A note on skin: As with many fruits and vegetables, most of the nutrients in pears are found in the skin. It is safe to leave on if the skin and flesh are really ripe and soft. Your baby may spit it out, but this is great texture exposure nonetheless! For firmer pears, wait until baby is at least 12 months old before leaving the skin on.

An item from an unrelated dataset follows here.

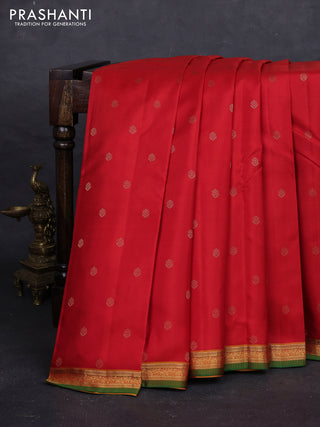 Red & Mustard Yellow Pure Kanchipuram Silk - Buttas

There are 10 varieties of USA Pears, each with its own distinctive color, flavor and texture. With overlapping seasons of availability, USA Pears are in season nearly year-round. Some pear varieties, such as Bartlett, Red Bartlett, and Starkrimson, get softer and sweeter when ripe, making them ideal for serving to babies raw. Varieties like Red or Green Anjou, Bosc, Comice, or Concorde, don’t ripen to be quite as soft, making them better for cooking, grating or blending into purees.
For Babies and Beyond
According to USDA MyPlate recommendations, toddlers should eat ½ to 1 serving of fruit per day and children 2-4 years should eat 1 to 1½ servings. As children get older, their fruit needs increase to up to 2-3 servings per day. A medium pear is equal to one serving of fruit, and all the health benefits for baby continue through childhood and into adulthood, including during pregnancy and postpartum. The vitamin C that helps babies with iron absorption is vital for immunity at all life stages. The fiber that helps little ones with constipation helps ensure bowel regularity and may even reduce the risk of colon cancer in adults. The list goes on, with emerging research studying the connection between pear consumption and weight and diabetes management, heart health, brain health and more.